Therapist has said on many occasions that, given the abuse and assault I have experienced, and the ages at which those occurred, there is no logical reason for me to be functional. And when he has said it, I've laughed. He's tried to tell me about people who have similar experiences. He's talked about their inability to hold jobs or their failed marriages. He talks of drug and alcohol abuse, of the ways they have neglected or abused their own children. He says I've been saved by my brain.

My brain.

The thing that noticed something was going on that could completely destroy me and simply said, No.

Nope.

That is not happening.

And so it didn't. For years I've been able to keep a lid on the things that have the potential to make my life hell. But even the most talented brain can't do that forever. One by one the past is presenting itself to me. Memories suppressed begin to surface. There are some that I have changed in order to protect myself from their reality. But they don't make sense in context. They cannot be true. Therefore there is another truth, another reality, from which I am hiding.

I'm not good at believing things that aren't true.

And so I have begun to find out what is real. And as I do so, I'm beginning to understand how someone could be lost to trauma. I'm understanding how they might lose a job or a spouse or a family. I'm understanding why they might turn to drugs or alcohol.

I won't. I can't. It's not who I am.

But as I worked yesterday with Tolkien Boy to recover the real memories, it was very difficult to remain present. There were too many flashbacks. For years the memories have been piled against a door, and when it was opened, they all spilled out at once. I get caught in the memories. They feel tangible. I can't get out by myself.

Which is why Therapist said I cannot do this alone. And that was a very good thing yesterday.

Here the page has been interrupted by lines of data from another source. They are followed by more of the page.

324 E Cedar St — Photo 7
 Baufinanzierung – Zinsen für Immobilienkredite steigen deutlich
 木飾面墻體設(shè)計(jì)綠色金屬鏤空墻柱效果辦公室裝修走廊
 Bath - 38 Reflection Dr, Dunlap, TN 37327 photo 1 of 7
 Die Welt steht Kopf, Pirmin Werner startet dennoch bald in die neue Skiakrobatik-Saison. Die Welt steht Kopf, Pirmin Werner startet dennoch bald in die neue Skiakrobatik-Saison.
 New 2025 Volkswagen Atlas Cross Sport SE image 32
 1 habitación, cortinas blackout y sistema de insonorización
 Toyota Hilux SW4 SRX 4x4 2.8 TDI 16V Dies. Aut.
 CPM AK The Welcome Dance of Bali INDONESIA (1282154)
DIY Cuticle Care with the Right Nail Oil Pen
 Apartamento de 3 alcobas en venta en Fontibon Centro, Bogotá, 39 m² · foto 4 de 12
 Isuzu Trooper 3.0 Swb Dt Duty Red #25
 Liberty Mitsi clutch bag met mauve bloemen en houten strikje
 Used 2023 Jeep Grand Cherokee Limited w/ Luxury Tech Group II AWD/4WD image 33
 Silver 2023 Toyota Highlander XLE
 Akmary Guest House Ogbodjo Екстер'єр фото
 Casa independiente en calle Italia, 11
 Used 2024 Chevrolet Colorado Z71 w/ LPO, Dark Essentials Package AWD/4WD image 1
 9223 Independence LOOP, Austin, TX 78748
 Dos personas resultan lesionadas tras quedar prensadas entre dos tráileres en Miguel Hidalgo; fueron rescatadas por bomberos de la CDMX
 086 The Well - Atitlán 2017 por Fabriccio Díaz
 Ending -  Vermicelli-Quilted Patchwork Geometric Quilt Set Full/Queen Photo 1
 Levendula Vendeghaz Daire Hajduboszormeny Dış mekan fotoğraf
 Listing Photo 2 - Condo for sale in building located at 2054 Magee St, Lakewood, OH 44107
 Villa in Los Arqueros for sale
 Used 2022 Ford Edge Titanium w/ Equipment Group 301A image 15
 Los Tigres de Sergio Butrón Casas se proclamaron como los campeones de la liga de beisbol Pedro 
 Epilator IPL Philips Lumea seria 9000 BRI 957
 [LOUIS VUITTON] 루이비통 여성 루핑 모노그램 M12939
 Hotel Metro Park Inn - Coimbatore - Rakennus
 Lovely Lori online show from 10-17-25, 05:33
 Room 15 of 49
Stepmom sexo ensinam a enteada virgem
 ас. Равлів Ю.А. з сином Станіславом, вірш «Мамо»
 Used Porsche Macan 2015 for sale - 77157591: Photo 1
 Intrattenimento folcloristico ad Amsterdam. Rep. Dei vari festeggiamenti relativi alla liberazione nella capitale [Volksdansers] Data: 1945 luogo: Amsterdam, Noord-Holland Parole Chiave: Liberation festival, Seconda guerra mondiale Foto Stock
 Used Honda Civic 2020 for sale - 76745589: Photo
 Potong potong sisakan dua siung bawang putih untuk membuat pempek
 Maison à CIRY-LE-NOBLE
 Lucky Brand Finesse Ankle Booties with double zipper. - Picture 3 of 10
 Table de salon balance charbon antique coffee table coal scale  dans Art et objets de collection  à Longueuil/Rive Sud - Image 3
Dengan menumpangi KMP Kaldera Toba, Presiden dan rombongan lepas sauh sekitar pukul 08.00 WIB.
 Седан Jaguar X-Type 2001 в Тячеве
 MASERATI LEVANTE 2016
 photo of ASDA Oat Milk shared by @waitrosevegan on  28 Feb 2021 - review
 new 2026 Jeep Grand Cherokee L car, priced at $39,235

But my brain gets tired. After a little while it just stops. I can't think or feel anymore. I'm calm, unaffected, because to be otherwise requires more energy that I have. So after we worked for awhile, we had dinner and played games. because what else would we do?

Today, though, was another story.

Today the emotions and the panic can't stop surfacing. And, let's face it, they're bound to be the worst in a bathroom. Which they were.

And when I think of what we uncovered yesterday, I feel crazy. My brain feels mixed up. I can't make words to talk about it. How does this even happen?

So I am trapped between revelation and disbelief. I'm stuck inside flashbacks and panic. There are more memories I am afraid to look at. They'll hurt but I won't be able to feel it. Unless I choose to. Sometime I have to choose to.

I am not a child. I am not defenseless. I can do this. But right now, I just feel overwhelmed and confused. There's too much. And in the large scheme of things, is this even important?

I think it's important. It has to be important. It's about me. I matter, maybe, but I don't know why.